What is required: Begin at the line containing "Serunya Santunan Hingga" in the data below and go on through the line containing "诸路口惹拉雅乌布在 Peliatan，印度尼西亚巴厘岛，巴厘岛-2017 年", repeating each line exactly; include both ends and no other line.

*** Opening of Data for the task ***

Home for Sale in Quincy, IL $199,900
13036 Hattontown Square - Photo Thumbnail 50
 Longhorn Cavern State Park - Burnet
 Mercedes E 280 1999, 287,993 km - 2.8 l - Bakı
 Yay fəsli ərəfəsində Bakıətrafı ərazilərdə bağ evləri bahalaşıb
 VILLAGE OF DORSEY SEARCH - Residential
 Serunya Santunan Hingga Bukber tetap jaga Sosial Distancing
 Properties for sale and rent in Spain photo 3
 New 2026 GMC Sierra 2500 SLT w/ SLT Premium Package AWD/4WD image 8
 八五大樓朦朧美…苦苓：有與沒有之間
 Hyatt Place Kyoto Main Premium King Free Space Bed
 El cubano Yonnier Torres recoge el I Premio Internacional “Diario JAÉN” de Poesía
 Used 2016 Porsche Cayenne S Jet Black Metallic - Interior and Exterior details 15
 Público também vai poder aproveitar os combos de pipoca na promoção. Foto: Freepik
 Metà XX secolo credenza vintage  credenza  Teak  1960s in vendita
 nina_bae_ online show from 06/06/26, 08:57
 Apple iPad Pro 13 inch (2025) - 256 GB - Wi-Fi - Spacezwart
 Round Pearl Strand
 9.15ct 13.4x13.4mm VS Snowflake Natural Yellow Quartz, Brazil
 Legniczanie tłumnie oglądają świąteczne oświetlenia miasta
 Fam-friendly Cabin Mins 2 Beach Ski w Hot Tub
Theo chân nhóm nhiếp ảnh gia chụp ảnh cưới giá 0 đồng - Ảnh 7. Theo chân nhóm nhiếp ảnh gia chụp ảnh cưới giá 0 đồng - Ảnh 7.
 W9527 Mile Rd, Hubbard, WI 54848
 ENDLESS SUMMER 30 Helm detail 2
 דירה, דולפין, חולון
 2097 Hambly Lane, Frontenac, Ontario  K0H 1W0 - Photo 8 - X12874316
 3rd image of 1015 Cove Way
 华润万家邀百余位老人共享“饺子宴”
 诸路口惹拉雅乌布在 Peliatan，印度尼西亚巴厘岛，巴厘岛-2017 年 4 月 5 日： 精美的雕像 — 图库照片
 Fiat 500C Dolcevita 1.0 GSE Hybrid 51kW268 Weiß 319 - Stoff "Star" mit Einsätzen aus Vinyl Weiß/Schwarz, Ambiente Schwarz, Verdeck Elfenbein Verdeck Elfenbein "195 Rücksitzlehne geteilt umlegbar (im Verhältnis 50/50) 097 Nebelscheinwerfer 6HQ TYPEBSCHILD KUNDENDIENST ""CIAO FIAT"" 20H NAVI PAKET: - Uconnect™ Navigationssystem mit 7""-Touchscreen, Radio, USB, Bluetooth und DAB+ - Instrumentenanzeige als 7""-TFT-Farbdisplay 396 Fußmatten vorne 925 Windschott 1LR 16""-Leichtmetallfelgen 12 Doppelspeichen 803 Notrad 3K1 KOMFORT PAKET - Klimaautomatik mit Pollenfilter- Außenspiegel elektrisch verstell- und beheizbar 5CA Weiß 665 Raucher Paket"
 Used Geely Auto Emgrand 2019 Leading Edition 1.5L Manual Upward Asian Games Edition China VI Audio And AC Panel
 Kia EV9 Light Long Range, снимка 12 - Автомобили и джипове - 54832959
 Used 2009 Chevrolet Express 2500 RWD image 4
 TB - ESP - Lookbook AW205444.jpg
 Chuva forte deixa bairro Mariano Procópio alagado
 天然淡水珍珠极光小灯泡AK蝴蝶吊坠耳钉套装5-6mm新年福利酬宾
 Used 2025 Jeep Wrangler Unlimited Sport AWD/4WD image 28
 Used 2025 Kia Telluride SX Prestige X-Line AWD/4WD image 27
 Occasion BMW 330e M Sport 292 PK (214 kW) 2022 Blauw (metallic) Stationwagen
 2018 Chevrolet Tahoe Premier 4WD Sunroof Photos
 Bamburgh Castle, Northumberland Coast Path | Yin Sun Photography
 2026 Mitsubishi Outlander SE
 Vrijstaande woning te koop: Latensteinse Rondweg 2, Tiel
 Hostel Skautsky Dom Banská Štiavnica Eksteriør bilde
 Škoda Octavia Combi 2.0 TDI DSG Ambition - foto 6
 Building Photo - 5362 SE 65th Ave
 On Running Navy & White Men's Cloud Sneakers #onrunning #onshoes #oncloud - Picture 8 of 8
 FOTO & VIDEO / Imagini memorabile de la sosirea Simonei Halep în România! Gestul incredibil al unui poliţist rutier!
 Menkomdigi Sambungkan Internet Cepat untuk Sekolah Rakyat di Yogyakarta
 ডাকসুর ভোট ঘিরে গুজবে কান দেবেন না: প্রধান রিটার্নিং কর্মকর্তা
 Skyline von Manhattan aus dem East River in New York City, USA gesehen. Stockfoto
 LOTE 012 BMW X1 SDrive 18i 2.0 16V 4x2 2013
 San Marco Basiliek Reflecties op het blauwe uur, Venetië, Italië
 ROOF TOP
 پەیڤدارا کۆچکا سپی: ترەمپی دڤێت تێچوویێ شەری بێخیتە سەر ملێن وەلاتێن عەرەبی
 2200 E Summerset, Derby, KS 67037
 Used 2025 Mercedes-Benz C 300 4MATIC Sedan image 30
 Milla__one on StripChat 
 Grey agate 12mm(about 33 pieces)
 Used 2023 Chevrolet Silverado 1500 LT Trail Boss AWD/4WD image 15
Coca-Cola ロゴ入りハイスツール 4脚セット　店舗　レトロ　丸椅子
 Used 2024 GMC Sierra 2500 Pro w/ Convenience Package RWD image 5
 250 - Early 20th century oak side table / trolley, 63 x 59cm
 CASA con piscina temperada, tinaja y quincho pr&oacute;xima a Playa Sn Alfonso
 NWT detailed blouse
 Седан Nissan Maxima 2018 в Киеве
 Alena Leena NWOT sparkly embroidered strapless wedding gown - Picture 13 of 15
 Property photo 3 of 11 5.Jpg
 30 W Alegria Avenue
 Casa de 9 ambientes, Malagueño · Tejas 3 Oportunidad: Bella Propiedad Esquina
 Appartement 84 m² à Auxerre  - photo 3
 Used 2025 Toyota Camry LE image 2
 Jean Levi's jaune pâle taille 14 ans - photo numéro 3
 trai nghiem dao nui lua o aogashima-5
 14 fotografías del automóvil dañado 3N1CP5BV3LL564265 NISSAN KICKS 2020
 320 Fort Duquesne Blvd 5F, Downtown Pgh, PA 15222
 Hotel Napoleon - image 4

*** Close of Data for the task ***

Answer below:
 Serunya Santunan Hingga Bukber tetap jaga Sosial Distancing
 Properties for sale and rent in Spain photo 3
 New 2026 GMC Sierra 2500 SLT w/ SLT Premium Package AWD/4WD image 8
 八五大樓朦朧美…苦苓：有與沒有之間
 Hyatt Place Kyoto Main Premium King Free Space Bed
 El cubano Yonnier Torres recoge el I Premio Internacional “Diario JAÉN” de Poesía
 Used 2016 Porsche Cayenne S Jet Black Metallic - Interior and Exterior details 15
 Público também vai poder aproveitar os combos de pipoca na promoção. Foto: Freepik
 Metà XX secolo credenza vintage  credenza  Teak  1960s in vendita
 nina_bae_ online show from 06/06/26, 08:57
 Apple iPad Pro 13 inch (2025) - 256 GB - Wi-Fi - Spacezwart
 Round Pearl Strand
 9.15ct 13.4x13.4mm VS Snowflake Natural Yellow Quartz, Brazil
 Legniczanie tłumnie oglądają świąteczne oświetlenia miasta
 Fam-friendly Cabin Mins 2 Beach Ski w Hot Tub
Theo chân nhóm nhiếp ảnh gia chụp ảnh cưới giá 0 đồng - Ảnh 7. Theo chân nhóm nhiếp ảnh gia chụp ảnh cưới giá 0 đồng - Ảnh 7.
 W9527 Mile Rd, Hubbard, WI 54848
 ENDLESS SUMMER 30 Helm detail 2
 דירה, דולפין, חולון
 2097 Hambly Lane, Frontenac, Ontario  K0H 1W0 - Photo 8 - X12874316
 3rd image of 1015 Cove Way
 华润万家邀百余位老人共享“饺子宴”
 诸路口惹拉雅乌布在 Peliatan，印度尼西亚巴厘岛，巴厘岛-2017 年 4 月 5 日： 精美的雕像 — 图库照片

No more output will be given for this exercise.